**EXERCISE DETAILS**
Set down again, exactly and only, the lines from the one that contains "Trendy Evening Clutch Bag Grey - Image 1" through the last line of the records below, both included, but not the pictures.

Captioned web images:

↓↓↓

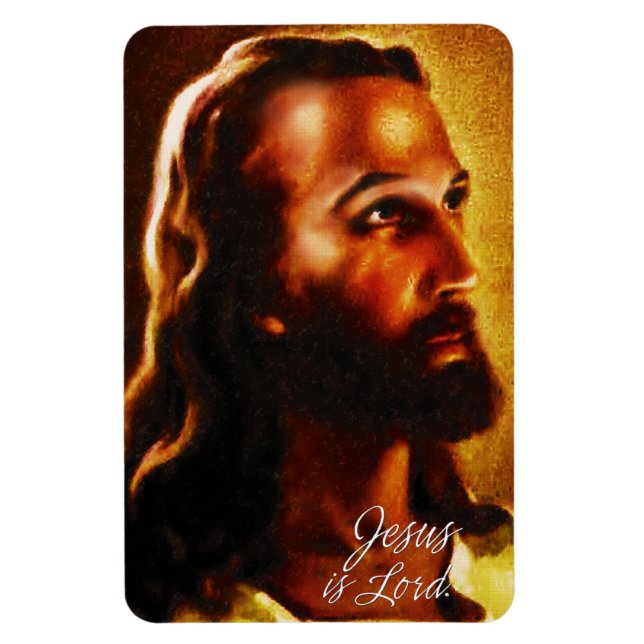Imán Jesús es el Señor 1 Magnet Premium (Vertical)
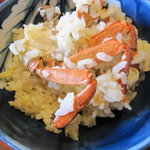 飴源 - もう食べられない、と言いつつ食べてしまう、かにめし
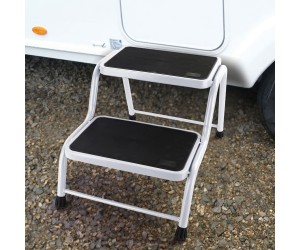 Dvojité schůdky pro karavany a obytné vozy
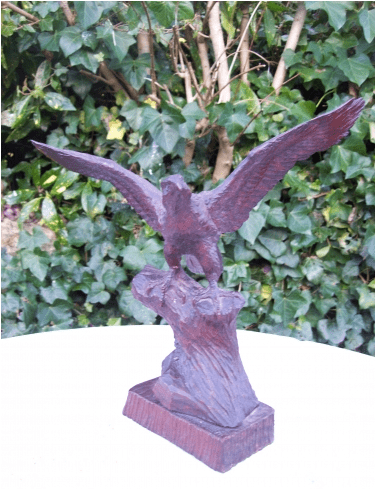 Carved Oak Eagle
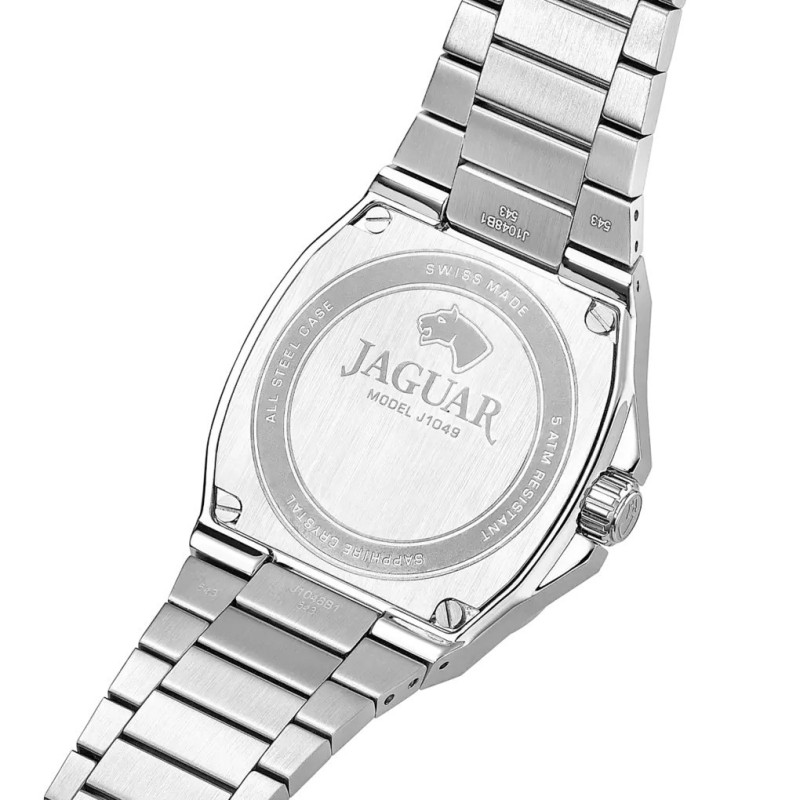 Reloj Jaguar Rondcarre J1049/2 | Swiss Made, Cuarzo, Esfera Azul | B&Couple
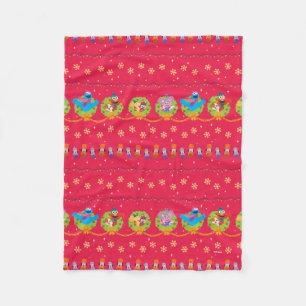 Couverture Polaire Sesame Street Nutcracker Motif de vacances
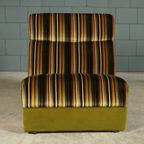 Vintage Modulaire Hoekbank – Velours – Jaren 70 thumbnail 10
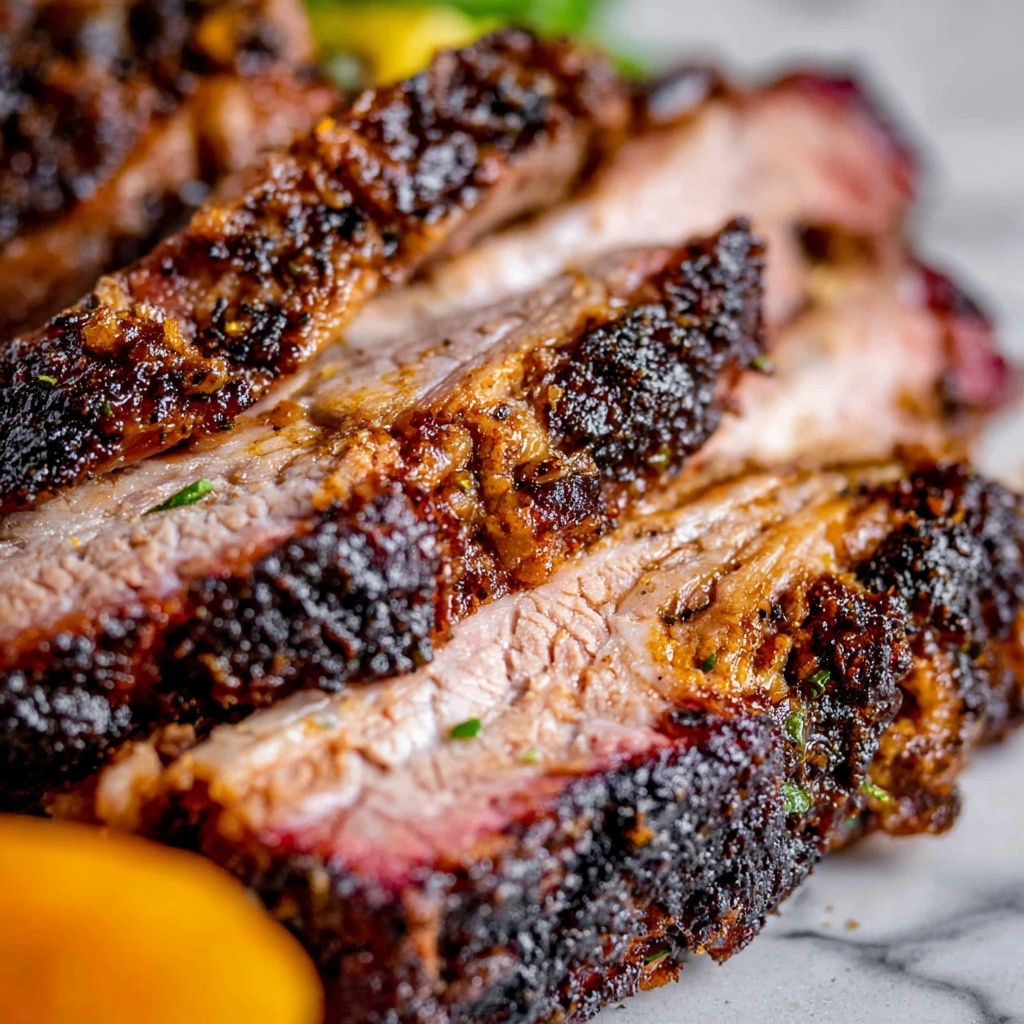 Roast Leg of Lamb with Blackened Honey Dijon Crust Recipe - Recipe Image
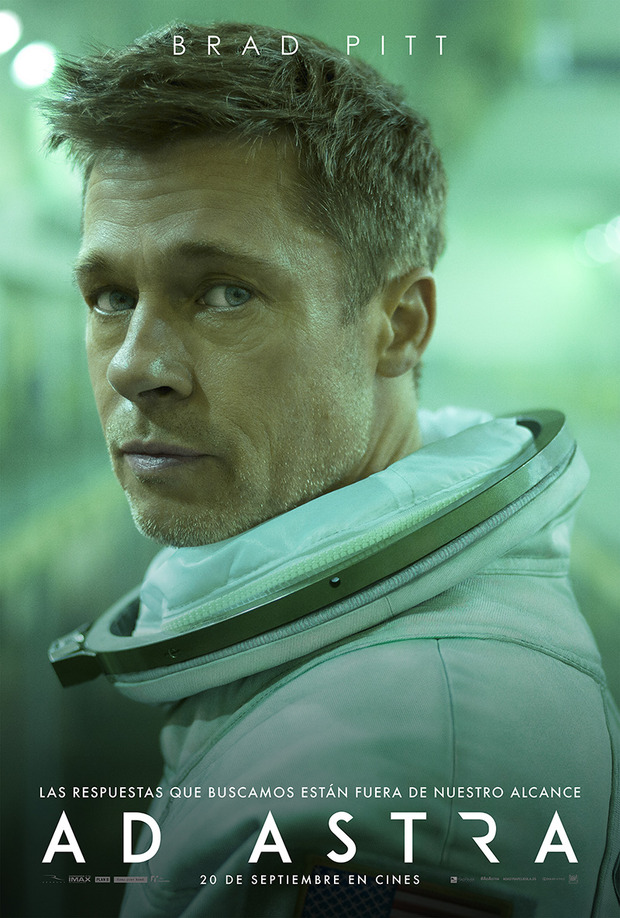 Póster final de Ad Astra, protagonizada por Brad Pitt 3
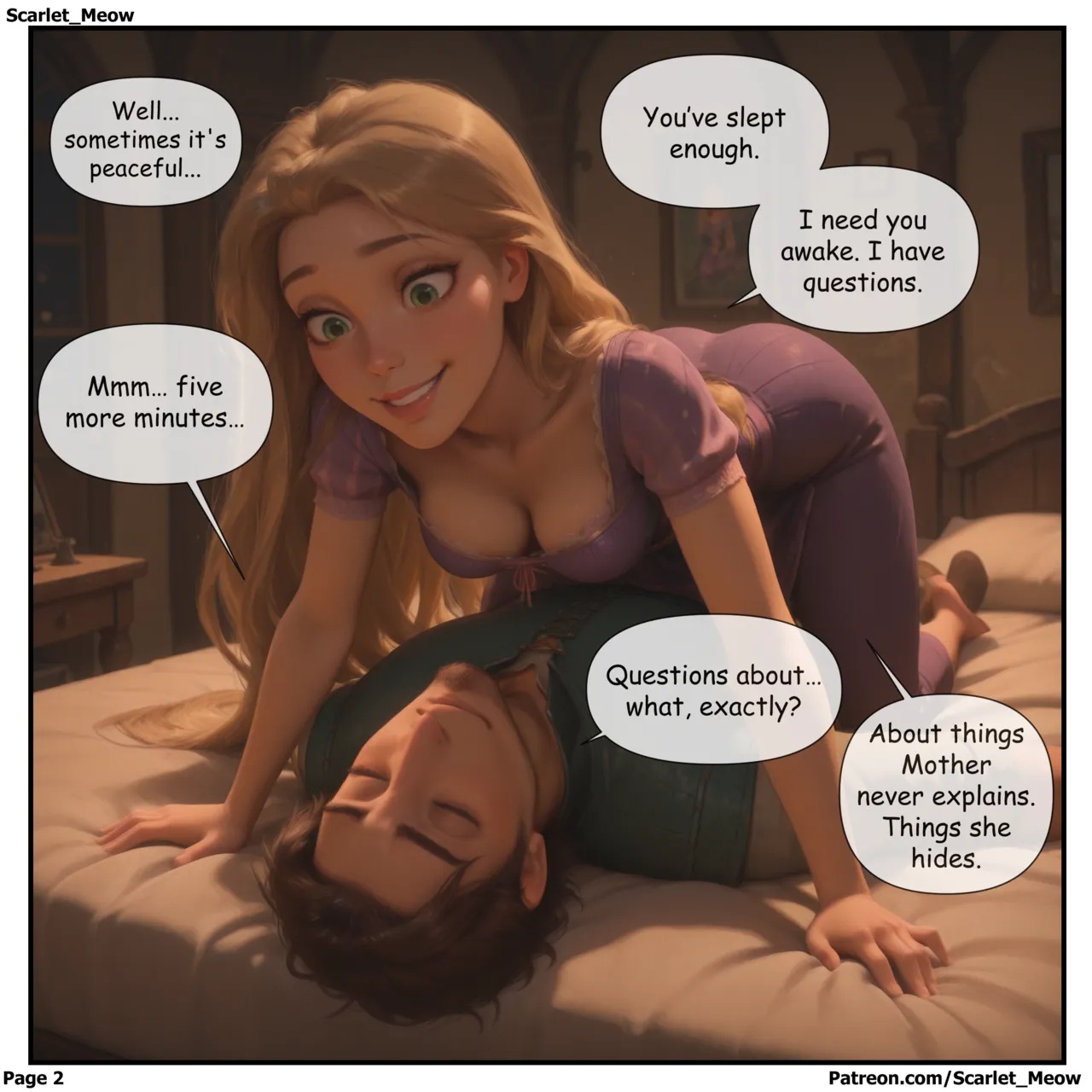 Mother's Away Porn Comics english 03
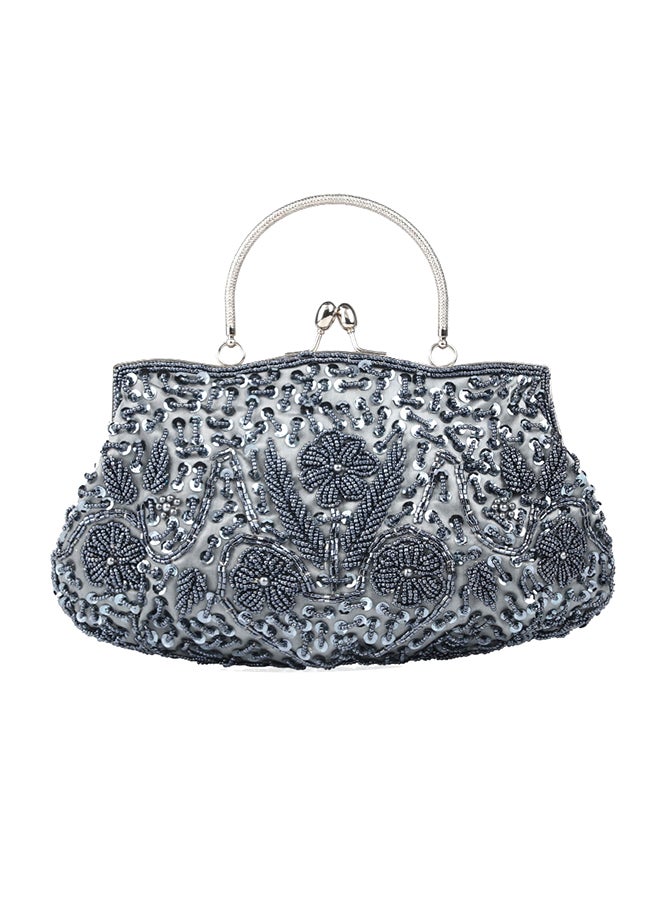 Trendy Evening Clutch Bag Grey - Image 1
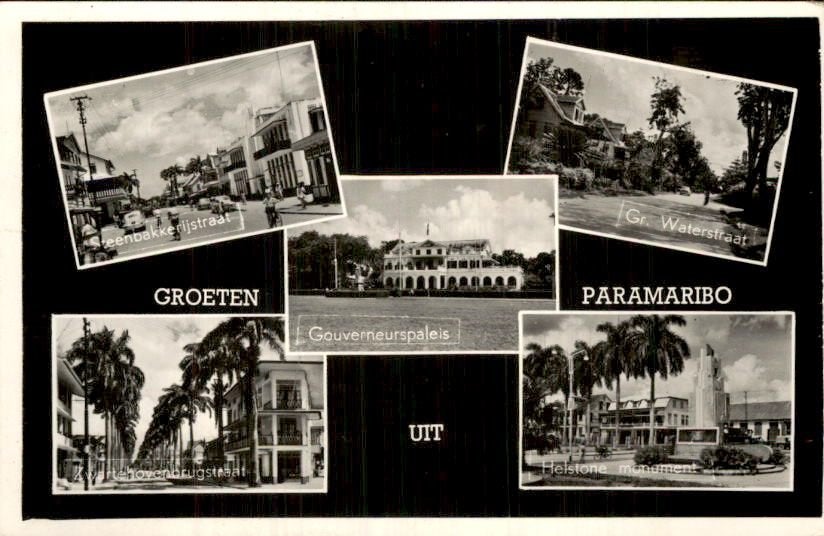 Suriname - Groeten Uit - 1955, Verzenden, 1940 tot 1960, Gelopen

↑↑↑

**EXERCISE SOLUTION**
 Trendy Evening Clutch Bag Grey - Image 1
 Suriname - Groeten Uit - 1955, Verzenden, 1940 tot 1960, Gelopen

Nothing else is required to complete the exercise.